1. From the given information, we know that 38.80 mL of 0.0100 M HCl is required to neutralize 20.00 mL of the Ca(OH)2 solution. This means that the moles of HCl used is equal to the moles of OH- ions present in the 20.00 mL solution.
2. Using the equation Ca(OH)2 + 2HCl -> CaCl2 + 2H2O, we can determine that each Ca(OH)2 molecule reacts with 2 moles of HCl. Therefore, the moles of OH- ions in the solution is equal to half of the moles of HCl used.
3. Calculate the moles of HCl used:
Moles of HCl = concentration of HCl x volume of HCl used
Moles of HCl = 0.0100 M x 0.0388 L = 0.000388 moles
Since the reaction is 1:2 between Ca(OH)2 and HCl, the number of moles of OH- ions is half of this value:
Moles of OH- = 0.000388 moles / 2 = 0.000194 moles
4. Next, we need to calculate the concentration of Ca2+ ions in the solution.

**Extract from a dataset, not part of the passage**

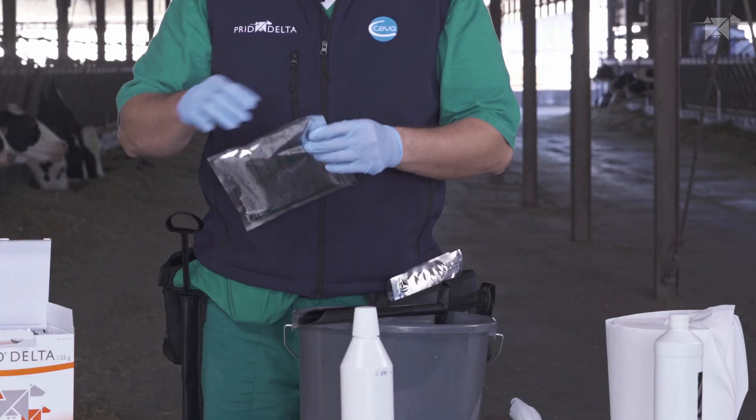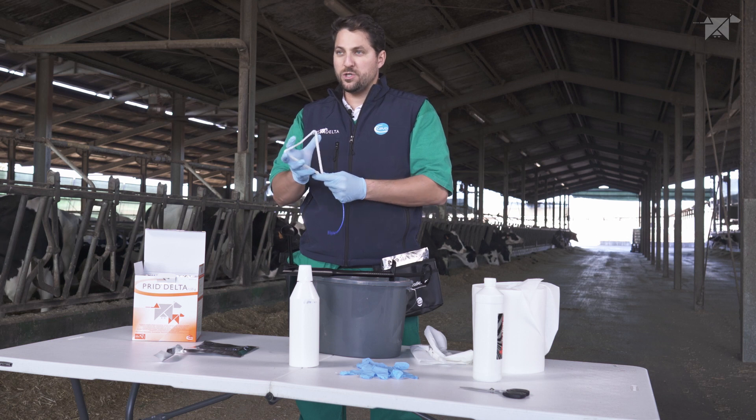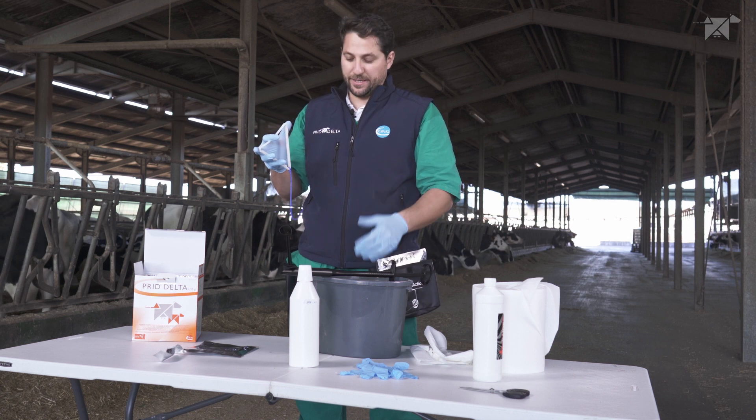Opening the aluminium bag, extract the device, and then we need to ensure the correct orientation of the device inside the applicator.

The Ca2+ ions come from the dissociation of Ca(OH)2, and each mole of Ca(OH)2 produces one mole of Ca2+ ions.
Concentration of Ca2+ ions = Moles of Ca2+ ions / Volume of solution (in L)
The volume of the solution can be calculated by subtracting the volume of the undissolved solid Ca(OH)2 from the total volume of the solution:
Volume of solution = 20.00 mL - 0.0100 mL = 0.01990 L
Assuming the dissolution of Ca(OH)2 is complete, the concentration of Ca2+ ions is:
Concentration of Ca2+ ions = 0.000194 moles / 0.01990 L = 0.00975 M
5. Finally, we can calculate the solubility of Ca(OH)2 in this solution in g/100 mL. The solubility is simply the mass of Ca(OH)2 that dissolved in 100 mL of solution.

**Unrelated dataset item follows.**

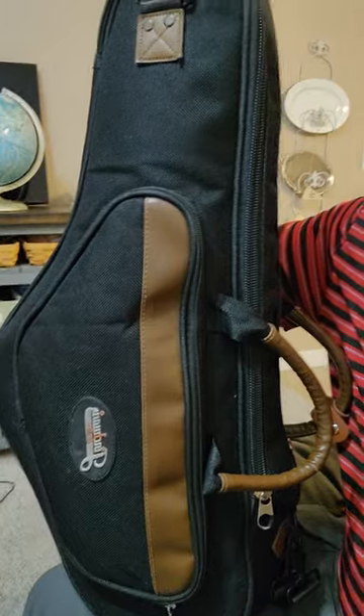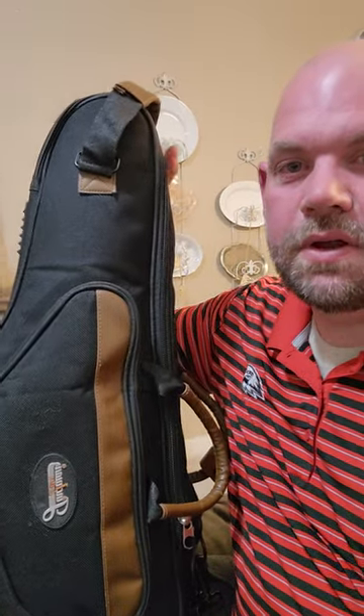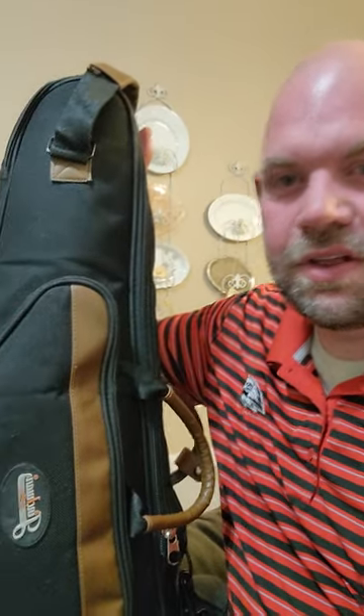We just finished the first year of band and this bag was a game changer for my son. It's great because it's lighter than a hard shell case for an instrument, and it has the pockets for his reeds and his cleaning supplies and everything else. He can put it on like a backpack.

Using the molar mass of Ca(OH)2 (74.093 g/mol) and the concentration of Ca2+ ions, we can calculate the mass of Ca(OH)2 in 100 mL of solution:
Mass of Ca(OH)2 = Concentration of Ca2+ ions x Molar mass of Ca(OH)2 x Volume of solution (in L)
Volume of solution in 100 mL = 0.100 L
Mass of Ca(OH)2 = 0.00975 M x 74.093 g/mol x 0.100 L = 0.0726 g/100 mL
Therefore, the solubility of Ca(OH)2 in this solution is 0.0726 g/100 mL.
To find the value for Ksp of Ca(OH)2, we need to consider the equation Ca(OH)2 (s) -> Ca2+ (aq) + 2OH- (aq). Since the concentration of Ca2+ ions is 0.00975 M and the concentration of OH- ions is 0.000194 M, we can plug these values into the expression for Ksp:
Ksp = [Ca2+][OH-]^2
Ksp = (0.00975 M)(0.000194 M)^2
Calculating this value will give you the Ksp of Ca(OH)2.